Downtime is so expensive to a super computer operator that a network failure can cost it a million dollars in lost productivity in half a day.
So a new level of artificial intelligence, which predicts and prevents operational issues, prevents network failures and catches hackers early, can instantly pay for itself.
Processing giant Nvidia has unveiled a new artificial intelligence (AI) driven security system, which aims to minimise downtime in InfiniBand data centres using analytics to detect anticipate problems.
The NVIDIA Mellanox UFM has been used to manage InfiniBand systems for a decade. It applies AI to learn a data center’s operational cadence and network workload patterns. Drawing on this knowledge of both real-time and historic telemetry and workload data it can create a baseline of what is normal and acceptable. It then tracks the system’s health and network modifications, and detects performance degradations, usage and profile changes.
In June Nvidia added today a third element to the UFM family, the UFM Telemetry platform. This tool captures real-time network telemetry data, which is streamed to an on-premises or cloud-based database to monitor network performance and validate the network configuration.
This means the new system can spot abnormal system and application behaviour. It can also predict potential system failures and nip these threats in the bud by taking corrective action.
Supercomputers are often targets of high value system hacking by sophisticated crooks attempting to host undesired applications, such as cryptocurrency mining. The result is reduced data center downtime — which typically costs more than $300,000 an hour, according to research by ITIC.
The UFM Cyber-AI system allows system administrators to instantly detect and respond to potential security threats and prevent failures. This saves a fortune and provides the continuity of service that keveryone in a job, according to Gilad Shainer, senior vice president of marketing for Mellanox networking at NVIDIA.
‘It determines a data centre’s unique vital signs and uses them to identify performance degradation, component failures and abnormal usage patterns,” said Shainer.
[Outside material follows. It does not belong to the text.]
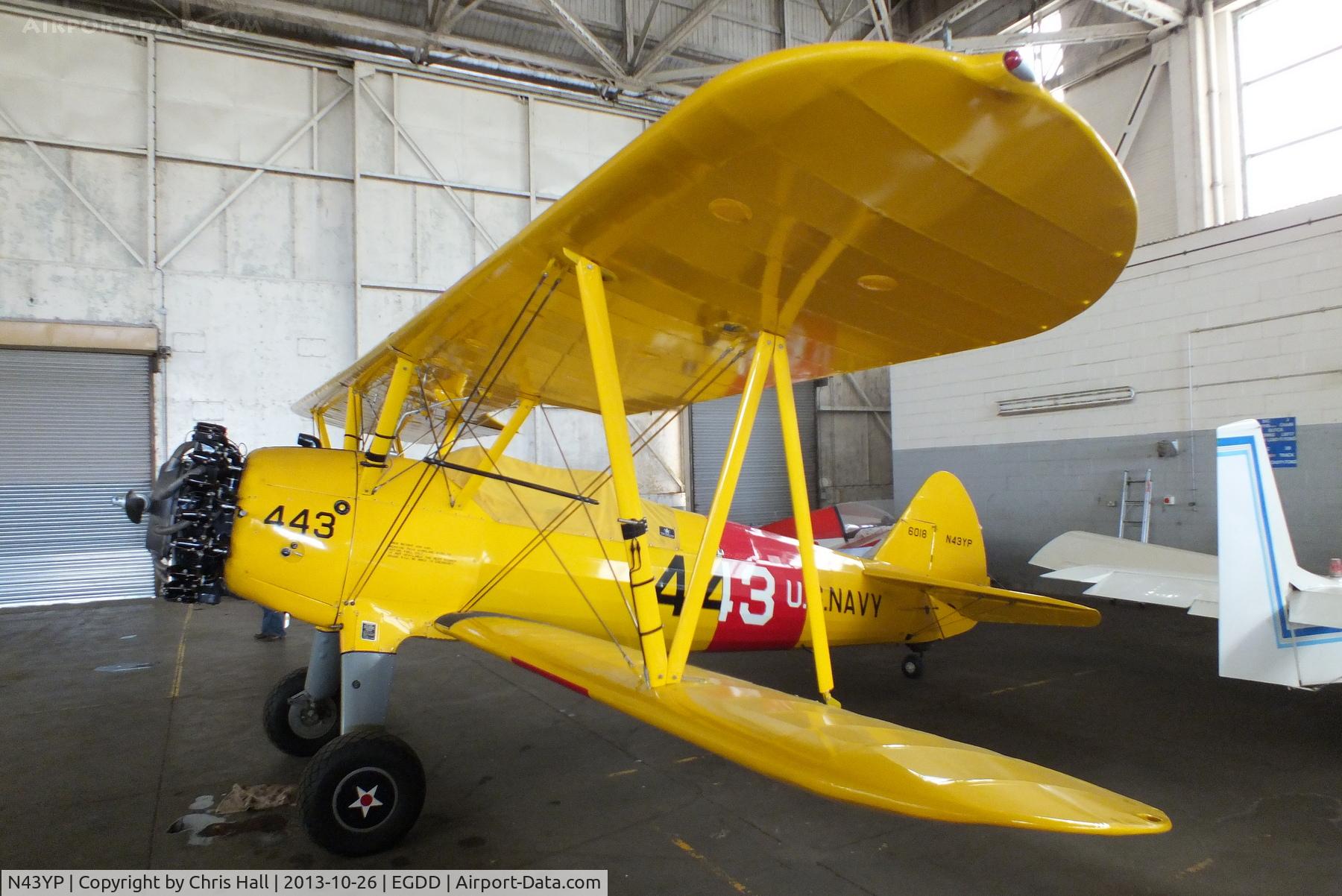 N43YP, 1942 Boeing E75 C/N 75-6018, hangared at Bicester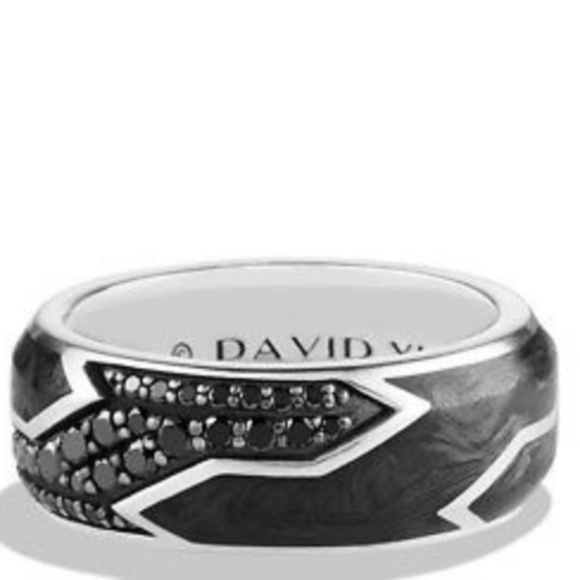 Forged Carbon Band Ring with Black Diamonds - Picture 1 of 8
Douglas Johnson, association director of the Ohio Supercomputer Center, has used the UFM platform for years in his employer’s InfiniBand data centres. ‘UFM and the expertise from the Mellanox networking team have been fundamental ingredients in the management of our network and the stability we’ve achieved,’ said Johnson.
The UFM Cyber-AI platform complements the UFM Enterprise platform, which manages networks, performance and security.